やっぱりここは簡易型の変形を視野にいれるべきか、メタスをモデルにしたいけどこの世界ではメタスは存在しない。となると手探りで作るしかない。
「もっと簡易的な変形機構で済ませることはできないか?」
「できなくはないだろう。しかしそれには時間が掛かる。変形機構の設計とはそれぐらい難しい物なのだ」
つまりアプサラスの変形機構に手間取ったわけね。
「とりあえず試験生産ということで10機ほど生産してみるか、拠点防衛ならパーツの置き場所ぐらいは確保できるからニューギニア特別地区ではαタイプより使い勝手が良さそうだ」
「滑走路も必要ないからな。全く、自然保護というのは面倒なものだ」
コロニーには自然保護なんて概念はないからな。あるとしたら空気を汚さない程度のものだろう。

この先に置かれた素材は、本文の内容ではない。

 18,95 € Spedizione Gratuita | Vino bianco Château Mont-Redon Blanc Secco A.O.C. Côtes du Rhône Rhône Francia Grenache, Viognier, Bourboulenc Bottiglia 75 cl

「βタイプが投入されれば治安維持部隊の縮小も可能か、金より人材が欲しい俺達にとってはありがたいことだが」
「費用と釣り合ってないと思うがね」
間違いないな。
まだ後進国でしかないニューギニア特別地区では人材不足の割りには人件費が安い。
軍事力だけならジオンには勝るんだけど……あれ?軍事国家?……今更か。
「ティターンズにも試験に協力してもらうか」
「ニューギニア特別地区の正規兵では質の問題があるからね。クローン兵は普通とは言い辛いし」
「空中分解なんてことにはならないよう念入りに確認を頼むぞ」
「ナンバーズが居てそんな失敗はしないさ」
失敗しても困らない人間がいるというのは本当に便利だ……と言いつつ実はマリオンズが事故死したことないんだよな。
その前にコクピットから自力で脱出するから。
素手でハッチをぶち抜いて飛び出してくる光景は今だに慣れない。